Over the past few decades, curators have had to grapple with how to collect and display digital media. The video game Grand Theft Auto has cultural significance, but the disc it appears on doesn’t do much like an exposition — it sounds “taxidermized,” writes Alberti. And logistical problems can thwart attempts to revive such software. Museums need the hardware to play the disc and the means to convert its contents to other formats when the original becomes obsolete. They might need a manual; some even print the underlying code.

build bridges

Alberti’s thoughts on the delicate calculus of conservation are down-to-earth and fascinating. “The savvy scientific curator,” he admits, mindful of storage, cost and longevity, focuses on collecting “material old enough to be obsolete but not old enough to be collectable.” However, some vignettes are too niche: it’s exciting to learn that objects can contain explosive gases, but what brand of glue do restorers prefer?

It evokes the way in which certain museums accept and try to repair the evil that they have done in the past. Coming of age in the “payday of empire”, many served the colonial mindset, uncritically advocating for the technological and moral superiority of the West. They appropriated objects from colonized regions and, through their displays, “were complicit in the construction of the physical and cultural hierarchies that underpinned racist thought” until at least the beginning of the 20th century.

The typewriter Mignon 3 indexes with type on a white sheet of paper in the platen inserted in the carriage of the typewriter.

An early typewriter in the collections of the National Museums Scotland in Edinburgh.Credit: National Museums of Scotland

Some are now seeking to shed light on this past. The Science and Industry Museum in Manchester, UK, for example, explored the links between slavery and the city’s historic cotton trade in its 2018 Textiles Respun project. The Science Museum of Minnesota’s ongoing exhibit at St Paul’s RACE: Are We So Different? invites conversations about the biological and social realities – and unrealities – of human variation. But Alberti’s discussion of attempts to improve diversity and inclusion in exhibitions, collections and staff is frustrating.

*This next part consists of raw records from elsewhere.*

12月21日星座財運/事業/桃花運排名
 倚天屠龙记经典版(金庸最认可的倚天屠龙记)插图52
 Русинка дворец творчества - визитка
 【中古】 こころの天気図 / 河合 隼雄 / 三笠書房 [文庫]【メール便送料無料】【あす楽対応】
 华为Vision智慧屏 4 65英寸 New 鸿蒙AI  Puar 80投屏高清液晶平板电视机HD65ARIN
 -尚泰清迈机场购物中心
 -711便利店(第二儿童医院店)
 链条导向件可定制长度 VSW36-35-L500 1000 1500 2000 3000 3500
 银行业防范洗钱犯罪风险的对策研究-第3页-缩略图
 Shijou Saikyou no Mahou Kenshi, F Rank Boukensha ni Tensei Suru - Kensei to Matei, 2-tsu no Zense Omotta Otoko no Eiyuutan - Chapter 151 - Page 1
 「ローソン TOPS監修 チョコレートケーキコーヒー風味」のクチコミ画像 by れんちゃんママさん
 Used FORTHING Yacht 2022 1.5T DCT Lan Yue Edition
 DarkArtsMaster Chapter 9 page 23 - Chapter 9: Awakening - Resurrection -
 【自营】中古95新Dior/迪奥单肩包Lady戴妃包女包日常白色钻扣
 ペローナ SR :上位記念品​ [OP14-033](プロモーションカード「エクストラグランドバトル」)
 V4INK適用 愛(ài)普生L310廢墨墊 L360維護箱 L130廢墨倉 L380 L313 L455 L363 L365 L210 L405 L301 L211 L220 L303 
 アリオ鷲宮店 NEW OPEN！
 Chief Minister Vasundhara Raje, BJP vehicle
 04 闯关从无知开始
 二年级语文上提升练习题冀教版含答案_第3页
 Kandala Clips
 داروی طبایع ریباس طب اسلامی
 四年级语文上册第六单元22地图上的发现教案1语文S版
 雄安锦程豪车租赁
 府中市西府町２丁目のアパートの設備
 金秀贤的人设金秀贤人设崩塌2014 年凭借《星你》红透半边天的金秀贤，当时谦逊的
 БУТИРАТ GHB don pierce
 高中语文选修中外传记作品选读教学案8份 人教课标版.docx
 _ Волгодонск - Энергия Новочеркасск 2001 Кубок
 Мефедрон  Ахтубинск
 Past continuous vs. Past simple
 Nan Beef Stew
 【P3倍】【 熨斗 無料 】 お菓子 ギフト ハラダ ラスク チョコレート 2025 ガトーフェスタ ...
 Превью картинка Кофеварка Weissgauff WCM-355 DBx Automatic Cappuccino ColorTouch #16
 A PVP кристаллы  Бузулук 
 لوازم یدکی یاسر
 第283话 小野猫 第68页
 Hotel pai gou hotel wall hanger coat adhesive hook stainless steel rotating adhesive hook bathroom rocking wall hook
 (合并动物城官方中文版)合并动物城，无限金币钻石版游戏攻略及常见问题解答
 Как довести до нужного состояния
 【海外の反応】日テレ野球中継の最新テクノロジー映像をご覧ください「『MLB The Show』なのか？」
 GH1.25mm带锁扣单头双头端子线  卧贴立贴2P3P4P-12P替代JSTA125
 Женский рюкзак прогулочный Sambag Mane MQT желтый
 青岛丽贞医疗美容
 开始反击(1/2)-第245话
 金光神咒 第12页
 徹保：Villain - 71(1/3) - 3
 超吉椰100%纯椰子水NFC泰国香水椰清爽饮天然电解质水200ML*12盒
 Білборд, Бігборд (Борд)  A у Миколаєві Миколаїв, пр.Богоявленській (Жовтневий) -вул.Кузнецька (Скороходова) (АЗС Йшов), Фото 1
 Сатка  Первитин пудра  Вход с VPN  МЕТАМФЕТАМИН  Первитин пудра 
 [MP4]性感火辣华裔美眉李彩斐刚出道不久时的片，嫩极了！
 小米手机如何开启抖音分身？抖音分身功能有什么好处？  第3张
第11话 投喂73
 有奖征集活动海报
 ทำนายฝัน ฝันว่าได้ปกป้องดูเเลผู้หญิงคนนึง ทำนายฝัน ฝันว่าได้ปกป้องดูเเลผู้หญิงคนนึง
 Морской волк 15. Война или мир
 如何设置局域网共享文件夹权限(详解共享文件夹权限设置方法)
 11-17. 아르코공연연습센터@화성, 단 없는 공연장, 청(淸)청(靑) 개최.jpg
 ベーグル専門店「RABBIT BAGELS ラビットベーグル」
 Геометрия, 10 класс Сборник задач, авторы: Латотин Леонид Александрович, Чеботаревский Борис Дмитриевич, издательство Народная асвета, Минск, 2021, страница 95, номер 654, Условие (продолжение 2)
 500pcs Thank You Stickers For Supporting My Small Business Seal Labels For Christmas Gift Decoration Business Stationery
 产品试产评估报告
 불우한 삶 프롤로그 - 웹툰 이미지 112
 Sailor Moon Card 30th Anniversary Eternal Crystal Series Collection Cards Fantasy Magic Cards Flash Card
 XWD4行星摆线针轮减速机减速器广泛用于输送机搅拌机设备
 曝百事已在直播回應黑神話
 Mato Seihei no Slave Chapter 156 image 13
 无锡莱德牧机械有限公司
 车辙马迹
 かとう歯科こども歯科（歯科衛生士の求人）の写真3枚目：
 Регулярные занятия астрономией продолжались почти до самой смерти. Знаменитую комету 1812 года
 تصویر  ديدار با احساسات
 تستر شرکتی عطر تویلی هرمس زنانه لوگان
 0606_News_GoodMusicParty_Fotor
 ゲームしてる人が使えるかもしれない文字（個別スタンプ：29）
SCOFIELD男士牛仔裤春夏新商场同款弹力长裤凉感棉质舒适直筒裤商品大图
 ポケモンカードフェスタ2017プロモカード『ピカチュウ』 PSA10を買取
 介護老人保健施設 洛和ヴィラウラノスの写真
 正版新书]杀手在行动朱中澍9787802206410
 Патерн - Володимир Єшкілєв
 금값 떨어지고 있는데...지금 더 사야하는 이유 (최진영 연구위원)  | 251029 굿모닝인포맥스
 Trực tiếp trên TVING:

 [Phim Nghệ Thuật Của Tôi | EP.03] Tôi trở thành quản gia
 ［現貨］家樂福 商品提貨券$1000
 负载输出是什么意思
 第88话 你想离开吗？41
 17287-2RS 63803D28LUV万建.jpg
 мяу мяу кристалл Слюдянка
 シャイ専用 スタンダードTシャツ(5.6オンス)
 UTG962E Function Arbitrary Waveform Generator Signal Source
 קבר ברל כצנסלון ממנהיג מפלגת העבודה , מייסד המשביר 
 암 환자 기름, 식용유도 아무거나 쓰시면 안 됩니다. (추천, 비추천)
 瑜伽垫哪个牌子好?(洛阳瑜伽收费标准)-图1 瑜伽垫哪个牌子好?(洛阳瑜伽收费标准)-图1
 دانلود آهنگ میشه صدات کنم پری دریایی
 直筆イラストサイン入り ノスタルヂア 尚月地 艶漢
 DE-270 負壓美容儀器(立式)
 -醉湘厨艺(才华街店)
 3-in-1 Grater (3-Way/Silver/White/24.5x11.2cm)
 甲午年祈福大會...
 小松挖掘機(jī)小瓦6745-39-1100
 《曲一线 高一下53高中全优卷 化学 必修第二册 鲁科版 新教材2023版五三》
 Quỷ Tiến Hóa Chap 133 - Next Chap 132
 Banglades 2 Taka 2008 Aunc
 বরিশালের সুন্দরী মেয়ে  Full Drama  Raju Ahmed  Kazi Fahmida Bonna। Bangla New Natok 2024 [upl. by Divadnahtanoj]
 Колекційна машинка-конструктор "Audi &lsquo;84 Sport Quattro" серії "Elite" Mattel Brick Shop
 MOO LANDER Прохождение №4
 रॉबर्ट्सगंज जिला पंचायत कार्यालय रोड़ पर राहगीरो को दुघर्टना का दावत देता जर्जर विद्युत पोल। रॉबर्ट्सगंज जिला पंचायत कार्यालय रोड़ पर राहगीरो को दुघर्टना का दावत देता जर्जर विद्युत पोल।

He notes that museums “are more trustworthy than most other media” – their expertise is generally respected and seen as credible. This allows them to campaign for specific causes, from anti-colonialism to mitigating climate change and dispelling misinformation. In Alberti’s eyes, outspoken activism risks threatening or alienating those in rival camps. Rather, he pleads for advocacy: strengthening scientific culture and inviting debate.

Museums, he writes, can help people make better decisions by “igniting curiosity and offering tools for discernment.” Never neutral, they must not pretend to be. Instead, they should use their power to build bridges.